Your are correct and completely wrong at the same time.



mitchel said:


> As a lifetime Canon user with a ton of great Canon glass, I can't help but voice my growing disappointment and concern with the brand.



Okay, but what you are complaining about has nothing to do with Canon. 



mitchel said:


> Every day I feel more like someone with a great collection of buggy whips, endlessly debating with my friends and colleagues the merits of one buggy whip versus another... the upcoming Light 16 (as well as the existing Lytro stuff) ... along with massive in-camera image processing, is where things are headed.

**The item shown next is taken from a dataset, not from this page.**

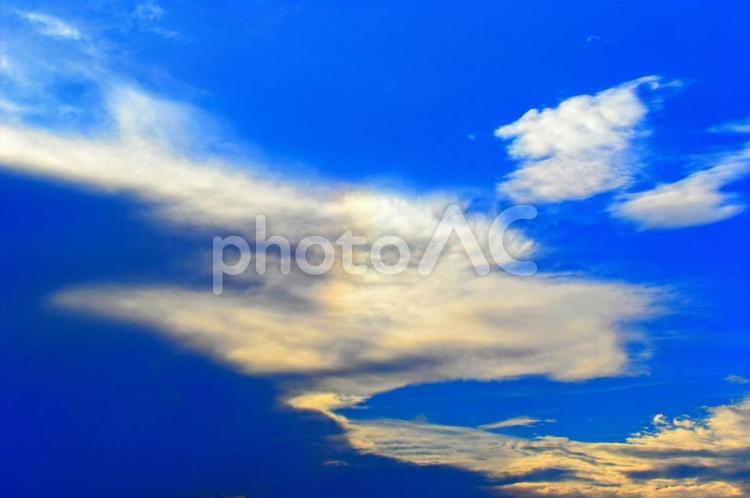 黄色い彩雲と青空 青空,空,夏の空の写真素材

Possibly, but what you fail to grasp is that we are a good 10 years or more away from any of this technology becoming truly usable. We may be debating buggy whips, but we are debating buggy whips 10 years before automobiles became viable. If you want to sell or shoot the horse now, that's your decision, but you have to be prepared to walk for the next decade until the technology catches up.



mitchel said:


> We need to face the sad fact, for whatever reason,Canon is failing to keep up with the innovation in image-making and processing. We all sit around waiting for Canon's latest horse-drawn carriage; meanwhile, in the real world, SONY offers continually superior sensor performance and, more importantly, shows where photography is really headed.



Complete and utter bull. Sony isn't showing anyone anything. They have focused on one minor metric and done a very good job of exploiting that metric. But, it's neither revolutionary nor even all that significant for the future of photography. 



mitchel said:


> They really need to wake up and take a serious look at what is happening around them. They already missed the boat, completely, on the impact the cellphones would have on their P&S market, and now they appear to be snoozing as other companies exploit more effectively the intersection of optics and computer processing.



Yes ALL the camera manufacturers has utterly failed when it comes to connectivity and the internet. Canon has been no worse or better than any other manufacturer. They all failed to comprehend the market revolutionizing impact of cloud technology and connectivity. I certainly hope they all get their act together on this front, because it's more than annoying, it's having an impact on my ability to compete and deliver for clients. 

But, it is simply trolling to single out Canon on this front and to pretend Sony is any better.


----------